I have a question on the standard algebraic topology proof that a subgroup of a free group is free. My understanding of that proof (mostly from Hatcher's topology) is as follows:
- We define a topology on a graph as a $1$-complex.
- We show that the fundamental group of a graph is the free group generated by one symbol for each loop in the graph.
- We show that a covering space of a graph is again a graph.
- We then argue as follows: Given a free group $F$, construct a graph $G$ whose fundamental group is isomorphic to $F$ (as Hatcher notes, this graph can be a wedge of circles). Then using the theory of covering spaces, any subgroup $H \leq F$ corresponds to the fundamental group of some covering space of $G$, which is a graph by item 3. Thus $H$ is a free group by item 2.

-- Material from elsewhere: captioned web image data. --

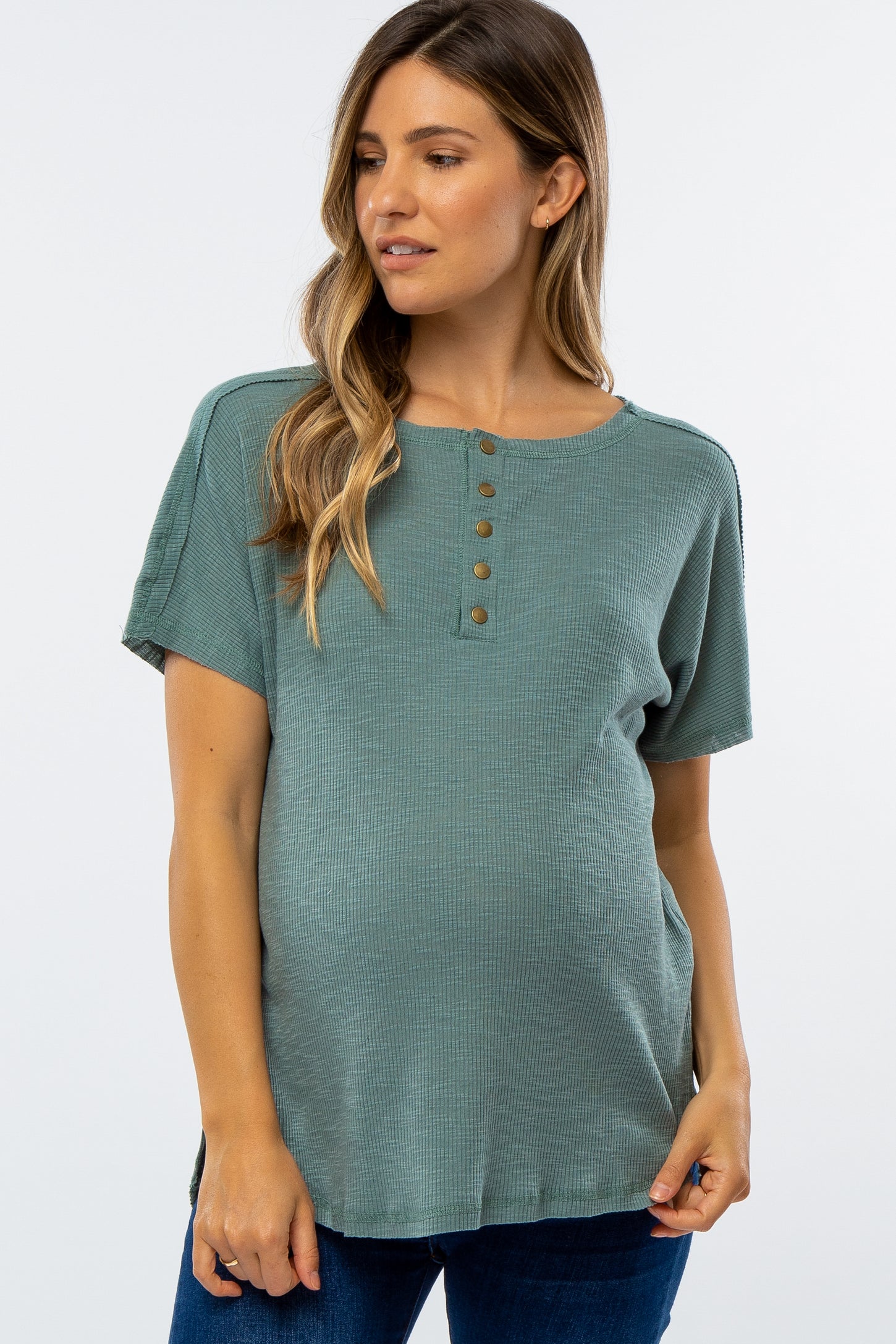 Teal Ribbed Raw Seam Snap Button Maternity Top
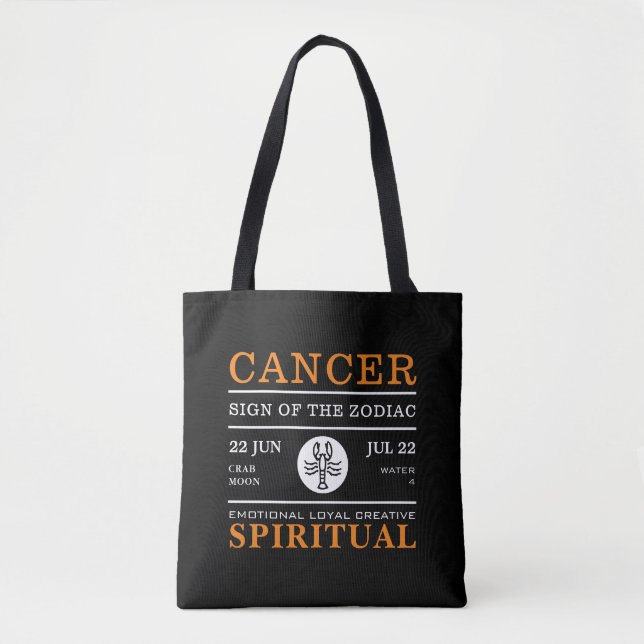 Bolsa Tote Sinal de cancer do Zodíaco, Astrológico (Frente)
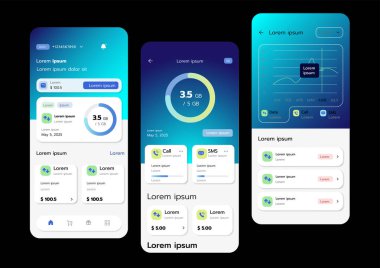 Düz UI veya UX tasarımının 3B Vektör illüstrasyonu.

My concern is whether this applies when $F$ is infinitely generated - in order to apply the standard results from covering spaces, don't we need to know that the graph $G$ we construct is semilocally simply connected? But (at least visually) if $F$ is a countably infinite set, I image that $G$ looks like the infinite earring, which is famously not semilocally simply connected.
I suspect that there is some difference I am missing between the topology of the infinite earring as a subset of $\mathbb{R}^2$ and the topology of a graph on one vertex with infinitely many loops at that vertex as a $1$-complex, but I'm not sure I know enough about CW-complexes to see what that difference is.